◆ Your assignment
Gather all lines from the material that contain "Women".

◆ Material for the task
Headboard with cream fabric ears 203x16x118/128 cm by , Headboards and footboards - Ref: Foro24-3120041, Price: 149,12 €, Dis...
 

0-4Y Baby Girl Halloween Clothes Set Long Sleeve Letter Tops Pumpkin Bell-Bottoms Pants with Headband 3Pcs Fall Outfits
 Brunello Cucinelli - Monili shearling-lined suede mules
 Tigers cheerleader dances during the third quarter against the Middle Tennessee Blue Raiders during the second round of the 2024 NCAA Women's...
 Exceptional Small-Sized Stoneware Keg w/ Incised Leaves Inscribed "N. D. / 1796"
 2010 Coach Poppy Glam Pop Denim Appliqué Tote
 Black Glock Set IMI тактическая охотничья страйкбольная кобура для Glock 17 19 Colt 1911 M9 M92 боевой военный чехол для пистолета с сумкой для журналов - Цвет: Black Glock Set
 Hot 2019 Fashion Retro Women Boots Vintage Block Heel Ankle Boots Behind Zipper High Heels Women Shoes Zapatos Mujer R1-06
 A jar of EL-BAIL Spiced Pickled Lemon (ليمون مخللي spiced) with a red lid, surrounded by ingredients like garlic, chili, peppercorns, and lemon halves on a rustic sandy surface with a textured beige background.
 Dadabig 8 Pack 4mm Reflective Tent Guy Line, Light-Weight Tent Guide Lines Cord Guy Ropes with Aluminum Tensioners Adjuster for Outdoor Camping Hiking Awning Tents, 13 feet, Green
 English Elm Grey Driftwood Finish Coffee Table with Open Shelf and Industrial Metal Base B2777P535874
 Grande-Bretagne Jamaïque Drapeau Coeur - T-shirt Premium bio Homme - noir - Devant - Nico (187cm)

◆ Answer to this problem
 Tigers cheerleader dances during the third quarter against the Middle Tennessee Blue Raiders during the second round of the 2024 NCAA Women's...
 Hot 2019 Fashion Retro Women Boots Vintage Block Heel Ankle Boots Behind Zipper High Heels Women Shoes Zapatos Mujer R1-06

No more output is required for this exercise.